Start of DATASET CONTENT
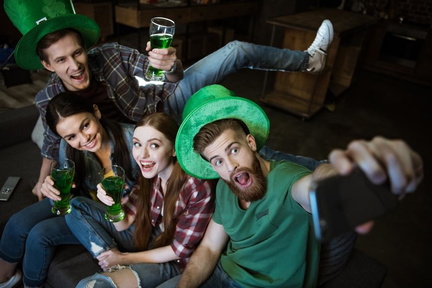 St. Patrick’s Day Bar Crawl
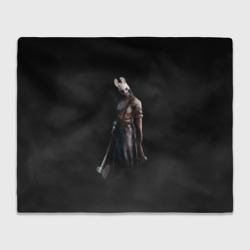 Плед 3D Dead By Daylight - Охотница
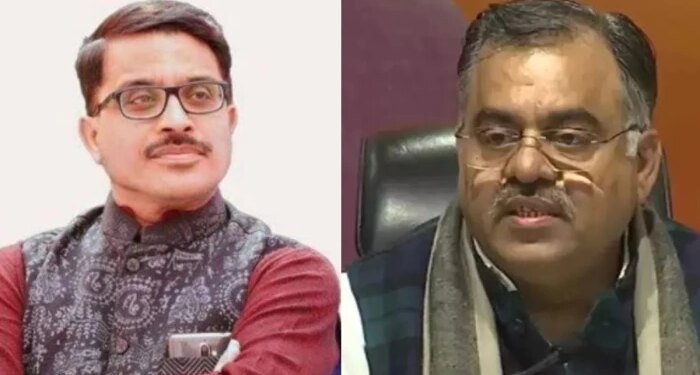 राज्यसभा चुनाव: तरुण चुघ 22 करोड़ संपत्ति के मालिक, रजनीश अग्रवाल करोड़पति नहीं केवल 96.71 लाख की संपत्ति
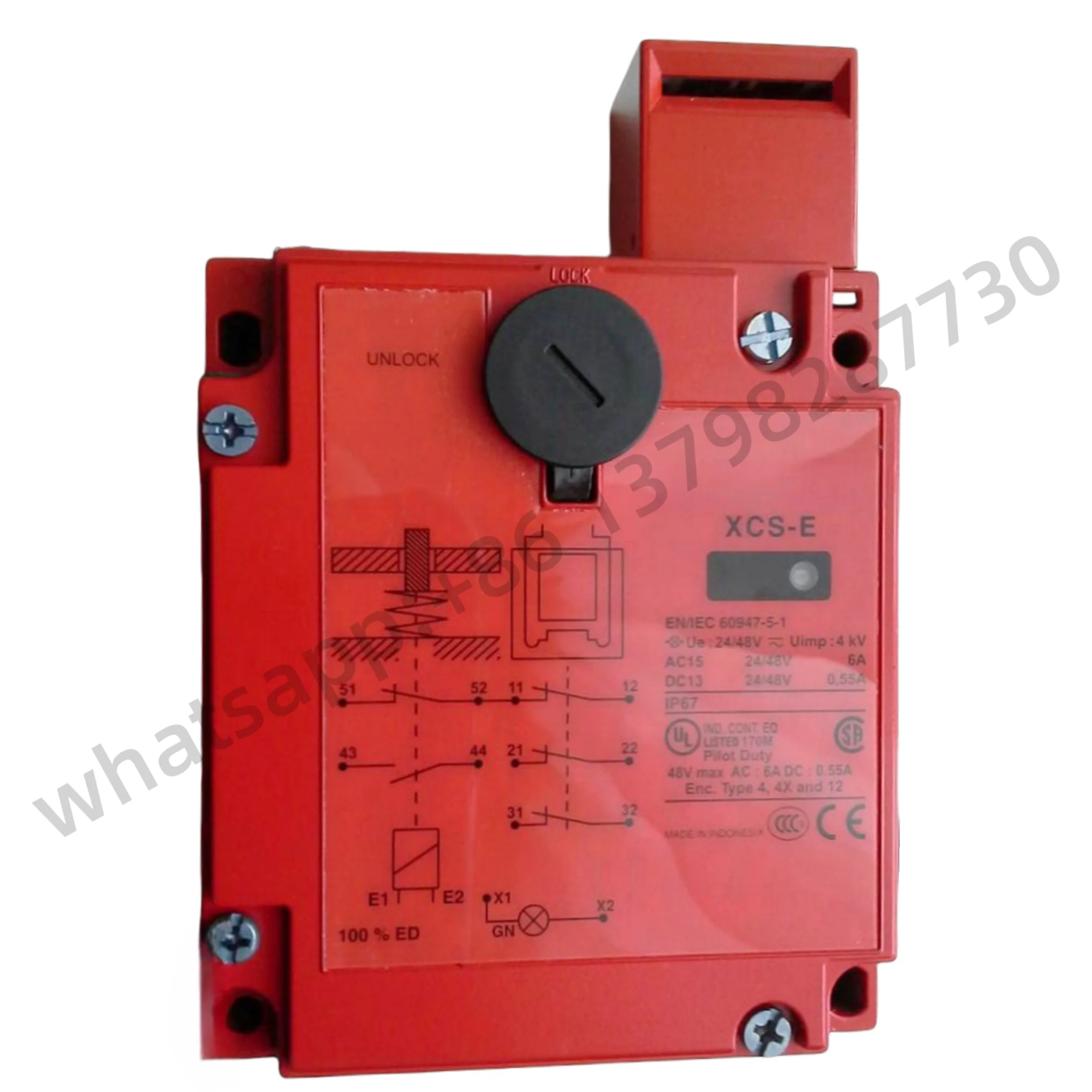 Original XCSE7313 XCS-E7313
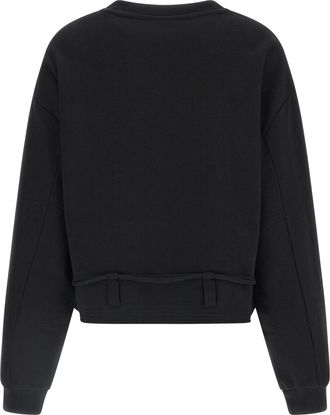 Dries Van Noten Sweatshirt - Black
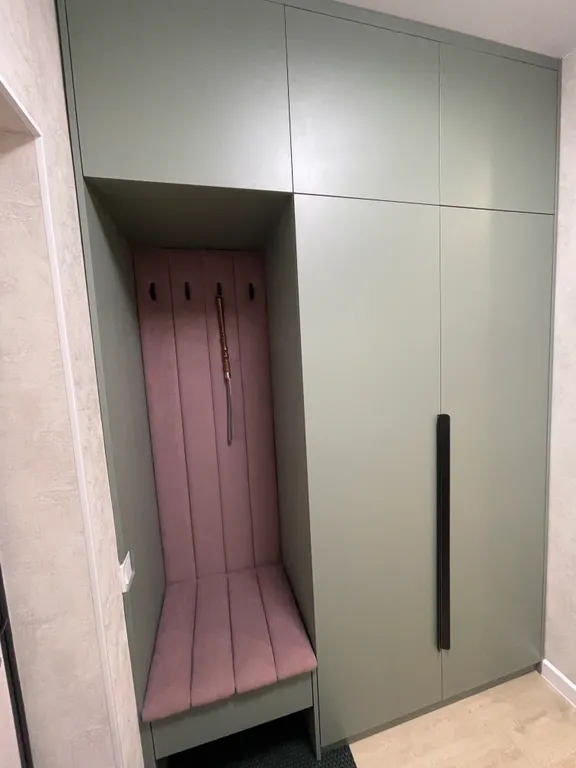 Новая квартира в центре города с дизайнерским ремонтом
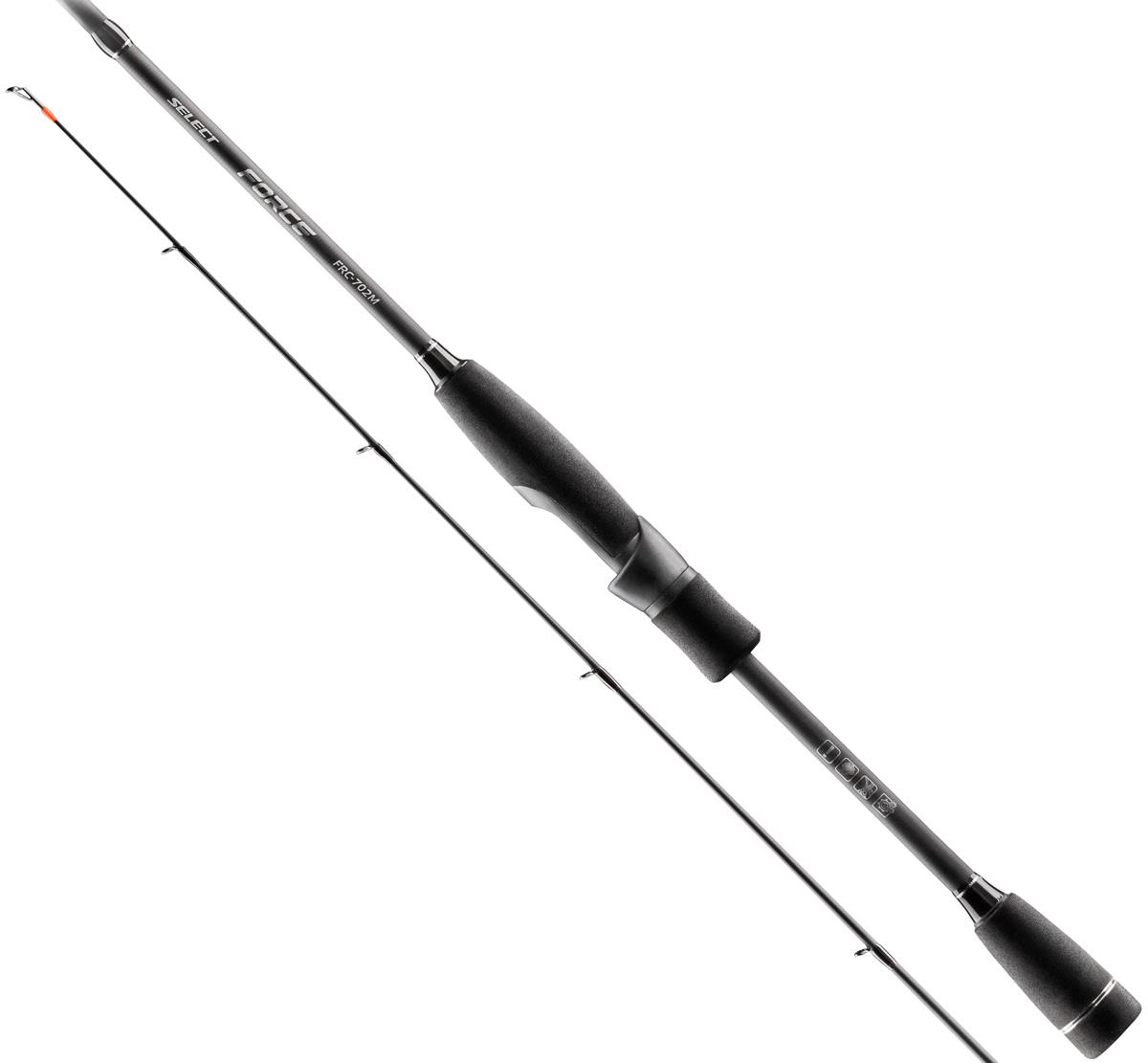 Select Force FRC-702L Fast 213cm 3-14g wędka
End of DATASET CONTENT
YOUR GOAL: Omit all pictures, and repeat exactly the lines from the line containing "Original XCSE7313 XCS-E7313" through the end of the data.

TASK OUTPUT:
 Original XCSE7313 XCS-E7313
 Dries Van Noten Sweatshirt - Black
 Новая квартира в центре города с дизайнерским ремонтом
 Select Force FRC-702L Fast 213cm 3-14g wędka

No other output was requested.